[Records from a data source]
┄┄┄┄┄┄┄┄┄┄┄┄┄┄┄┄┄┄┄┄

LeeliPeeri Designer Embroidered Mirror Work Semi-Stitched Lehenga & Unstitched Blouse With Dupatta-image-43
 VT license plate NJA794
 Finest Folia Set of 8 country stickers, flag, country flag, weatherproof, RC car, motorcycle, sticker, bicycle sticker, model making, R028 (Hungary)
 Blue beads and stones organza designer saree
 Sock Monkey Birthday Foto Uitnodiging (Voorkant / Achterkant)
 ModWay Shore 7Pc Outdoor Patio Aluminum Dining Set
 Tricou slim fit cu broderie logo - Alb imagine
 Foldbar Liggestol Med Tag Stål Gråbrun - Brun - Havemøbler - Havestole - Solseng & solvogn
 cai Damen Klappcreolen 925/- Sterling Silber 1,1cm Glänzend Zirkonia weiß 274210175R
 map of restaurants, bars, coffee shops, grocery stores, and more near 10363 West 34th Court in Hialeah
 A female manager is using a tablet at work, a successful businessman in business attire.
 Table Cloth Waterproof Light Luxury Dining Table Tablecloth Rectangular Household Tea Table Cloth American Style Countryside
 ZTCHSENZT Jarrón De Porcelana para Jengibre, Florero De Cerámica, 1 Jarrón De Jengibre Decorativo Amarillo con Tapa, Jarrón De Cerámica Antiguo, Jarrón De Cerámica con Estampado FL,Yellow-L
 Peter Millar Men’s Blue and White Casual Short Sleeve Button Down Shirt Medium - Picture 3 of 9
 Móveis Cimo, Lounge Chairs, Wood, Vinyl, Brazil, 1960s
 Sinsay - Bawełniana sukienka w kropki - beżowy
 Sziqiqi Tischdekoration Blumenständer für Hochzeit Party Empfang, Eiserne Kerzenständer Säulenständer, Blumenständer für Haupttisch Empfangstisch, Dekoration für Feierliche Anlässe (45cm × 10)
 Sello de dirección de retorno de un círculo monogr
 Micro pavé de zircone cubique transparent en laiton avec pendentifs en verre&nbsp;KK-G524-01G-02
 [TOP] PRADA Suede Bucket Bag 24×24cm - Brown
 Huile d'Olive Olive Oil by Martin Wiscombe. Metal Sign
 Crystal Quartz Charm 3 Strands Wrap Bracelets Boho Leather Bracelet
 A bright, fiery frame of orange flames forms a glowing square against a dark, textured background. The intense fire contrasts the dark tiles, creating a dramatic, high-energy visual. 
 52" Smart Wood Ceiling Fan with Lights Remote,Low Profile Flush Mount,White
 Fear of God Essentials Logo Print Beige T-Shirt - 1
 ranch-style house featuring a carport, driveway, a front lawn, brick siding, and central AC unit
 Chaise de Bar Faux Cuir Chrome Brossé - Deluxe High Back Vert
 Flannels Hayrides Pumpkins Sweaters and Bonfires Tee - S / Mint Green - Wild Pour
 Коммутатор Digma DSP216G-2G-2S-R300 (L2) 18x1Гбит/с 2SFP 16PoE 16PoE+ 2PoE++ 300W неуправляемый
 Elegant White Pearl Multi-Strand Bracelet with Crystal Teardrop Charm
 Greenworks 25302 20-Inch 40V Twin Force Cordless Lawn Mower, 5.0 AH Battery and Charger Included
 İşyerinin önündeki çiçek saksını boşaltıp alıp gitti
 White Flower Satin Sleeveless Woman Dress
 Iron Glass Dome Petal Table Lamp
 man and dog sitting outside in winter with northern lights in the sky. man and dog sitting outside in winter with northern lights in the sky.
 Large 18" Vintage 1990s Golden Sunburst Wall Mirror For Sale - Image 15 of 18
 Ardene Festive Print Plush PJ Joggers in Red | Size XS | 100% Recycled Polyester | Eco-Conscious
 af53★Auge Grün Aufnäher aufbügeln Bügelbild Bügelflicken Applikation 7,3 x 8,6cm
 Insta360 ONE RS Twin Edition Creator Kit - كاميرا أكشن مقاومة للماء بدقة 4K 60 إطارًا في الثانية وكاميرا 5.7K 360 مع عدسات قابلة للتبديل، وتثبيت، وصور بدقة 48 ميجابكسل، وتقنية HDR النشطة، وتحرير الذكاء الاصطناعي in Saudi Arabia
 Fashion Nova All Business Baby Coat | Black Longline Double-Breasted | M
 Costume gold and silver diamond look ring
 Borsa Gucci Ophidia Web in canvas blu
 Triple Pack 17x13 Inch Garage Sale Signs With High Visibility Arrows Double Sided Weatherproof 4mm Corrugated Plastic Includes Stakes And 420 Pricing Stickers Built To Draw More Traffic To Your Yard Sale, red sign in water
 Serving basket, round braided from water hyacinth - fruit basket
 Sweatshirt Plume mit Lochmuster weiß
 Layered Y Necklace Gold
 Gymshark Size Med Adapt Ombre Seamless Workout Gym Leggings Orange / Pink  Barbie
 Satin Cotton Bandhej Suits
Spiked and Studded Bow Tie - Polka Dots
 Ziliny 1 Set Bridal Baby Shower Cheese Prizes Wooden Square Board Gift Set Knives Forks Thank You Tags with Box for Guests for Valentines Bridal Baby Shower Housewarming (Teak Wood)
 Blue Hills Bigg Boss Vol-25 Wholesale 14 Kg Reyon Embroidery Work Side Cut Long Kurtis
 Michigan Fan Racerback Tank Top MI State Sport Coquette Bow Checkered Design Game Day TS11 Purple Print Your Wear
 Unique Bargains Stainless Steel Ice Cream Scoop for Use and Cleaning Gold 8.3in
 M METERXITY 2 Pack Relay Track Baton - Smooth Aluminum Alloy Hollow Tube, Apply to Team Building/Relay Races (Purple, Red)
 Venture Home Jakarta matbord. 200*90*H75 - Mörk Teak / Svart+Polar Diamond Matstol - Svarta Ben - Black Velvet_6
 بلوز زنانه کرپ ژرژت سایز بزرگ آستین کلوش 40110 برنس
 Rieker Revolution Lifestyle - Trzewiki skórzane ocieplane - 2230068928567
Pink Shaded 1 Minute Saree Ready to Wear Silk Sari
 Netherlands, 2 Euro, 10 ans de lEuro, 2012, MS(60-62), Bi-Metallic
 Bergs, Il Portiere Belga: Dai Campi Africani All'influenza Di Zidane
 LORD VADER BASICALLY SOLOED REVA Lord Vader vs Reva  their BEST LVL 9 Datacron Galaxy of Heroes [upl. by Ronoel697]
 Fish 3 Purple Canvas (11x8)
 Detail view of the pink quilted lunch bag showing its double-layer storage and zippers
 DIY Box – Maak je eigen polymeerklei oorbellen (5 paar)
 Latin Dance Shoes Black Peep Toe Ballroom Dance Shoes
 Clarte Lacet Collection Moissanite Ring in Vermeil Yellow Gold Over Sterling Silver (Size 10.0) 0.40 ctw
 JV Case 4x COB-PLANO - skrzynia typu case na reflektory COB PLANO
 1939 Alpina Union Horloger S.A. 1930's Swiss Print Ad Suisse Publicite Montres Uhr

┄┄┄┄┄┄┄┄┄┄┄┄┄┄┄┄┄┄┄┄

> **Exercise description**:
Where does "Aluminum" appear in the records above? Copy each line that holds it.

> **Task solution**:
 ModWay Shore 7Pc Outdoor Patio Aluminum Dining Set
 M METERXITY 2 Pack Relay Track Baton - Smooth Aluminum Alloy Hollow Tube, Apply to Team Building/Relay Races (Purple, Red)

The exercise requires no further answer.